Crowe explores individualism, culture
Senior Colleen Crowe displayed her senior art exhibit, entitled “Techn-archy,” in Blackbridge Hall last week.
“The exhibit explores the ideas that we are slowly losing our individualism and identity through corporate mass culture and technological developments,” Crowe said.
The exhibit was an instillation piece, meaning that it combined many different aspects or pieces that worked together to form one piece.
“I thought it was a really brave piece,” Richard Lou, chairman of the Department of Art, said. “It dealt with relevant issues in our lives today.”
The first work featured in the exhibit is entitled 33110., which is focused on the anatomy of the musculature within the face.
“I used wiring to represent the fibers and the various colors to specify certain muscles in order to create an easier view of the deviating musculature on its artificial chassis,” Crowe said. “The multitudinous sperm characterize nothing more than capsules, only created to send micro-chips of information about what ‘used to be’ and what we shall become.”

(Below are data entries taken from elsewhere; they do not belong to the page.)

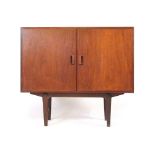 A 1960's Danish teak two door cabinet with triangular handles and a beech interior on square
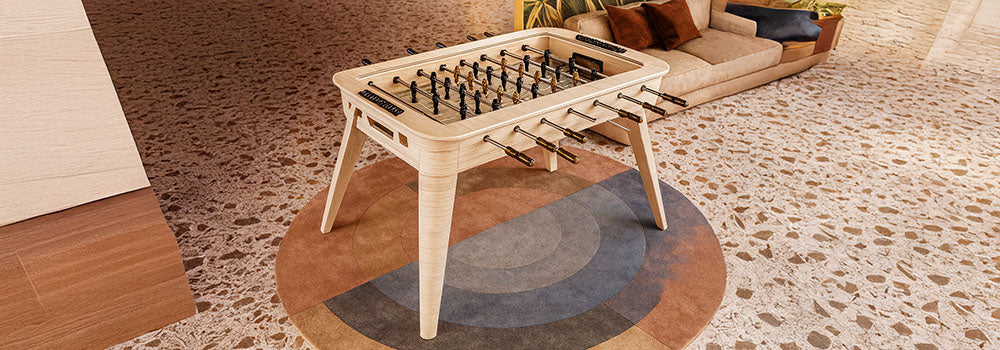 Sleek light wood foosball table in a mid-century modern living room with terrazzo flooring, tropical mural, and soft pendant lighting.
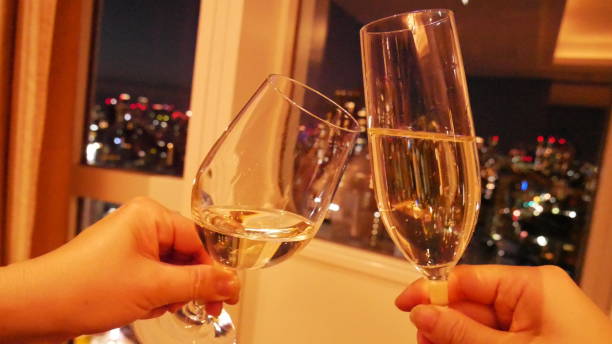 istock Cheers and have fun in front of night view 1388201578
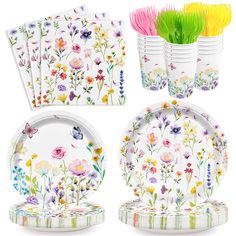 a set of four plates with flowers and butterflies on them, each decorated with different colored straws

The second instillation work, composed of clay and found material, is referred to as Untitled. This genderless being displays the makeup of a machine.
“This simple idea in machinery encompasses the idea of our loss in individuality and sexual category,” Crowe said. “It is the organic mind challenged by the artificial mind.”
Crowe’s work was influenced by Scientific Research Laboratories – Mark Pauline, J.G Ballard, and Donna Haraway’s “Cyborg Manifesto.”
“The work investigates the theories that we are tortured by reactionary thought and have become a culture of conservatism and non-individualism,” Crowe said. “This is combined with perverse technology in a world of knowledge juxtaposed with unawareness.”
The exhibition overall examined the ideas of social structuring and the organic mind versus the artificial mind.